Même si le gouvernement a annoncé récemment une nouvelle réforme du régime qui devrait rendre plus élevés et plus rapidement accessibles les abattements mis en place, l’inadaptation du régime général et de ces exceptions devrait inciter de nombreux managers de sociétés sous LBO à se tourner vers les principaux schémas d’optimisation envisageables lors de la sortie : donation-cession et apport-cession. A cet égard, le récent durcissement des règles applicables à ces schémas d’optimisation n’est certainement pas un hasard.

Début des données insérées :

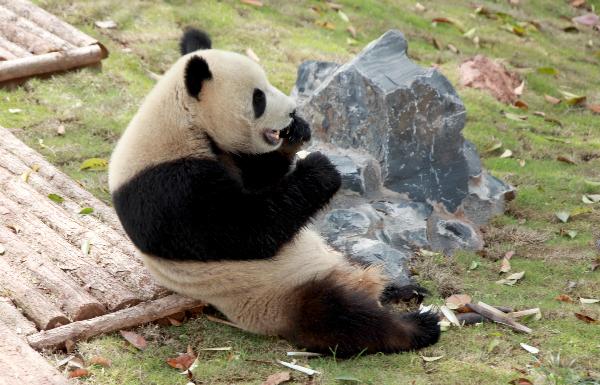 A giant panda eats with leisure at its new habitat, inside the Giant Panda Ecological Happyland, at Xiuning County, east China's Anhui Province, April 28, 2010. A triplet of giant pandas bred at the Bifengxia Valley Panda-Breeding Base in Ya'an of Sichuan Province was transferred to Xiuning on April 23 and make their debuts with visitors here as of the day. [Xinhua]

Donation-cession : une opération préservée grâce à la censure du Conseil constitutionnel

Le Conseil constitutionnel ayant invalidé le dispositif «anti-abus» imaginé par le Gouvernement3, la donation-cession reste soumise aux règles antérieurement dégagées par le Comité de l’abus de droit et la jurisprudence. L’opération doit revêtir une véritable intention libérale ce qui implique de proscrire toute reprise directe ou indirecte du produit de cession des titres donnés par le donateur.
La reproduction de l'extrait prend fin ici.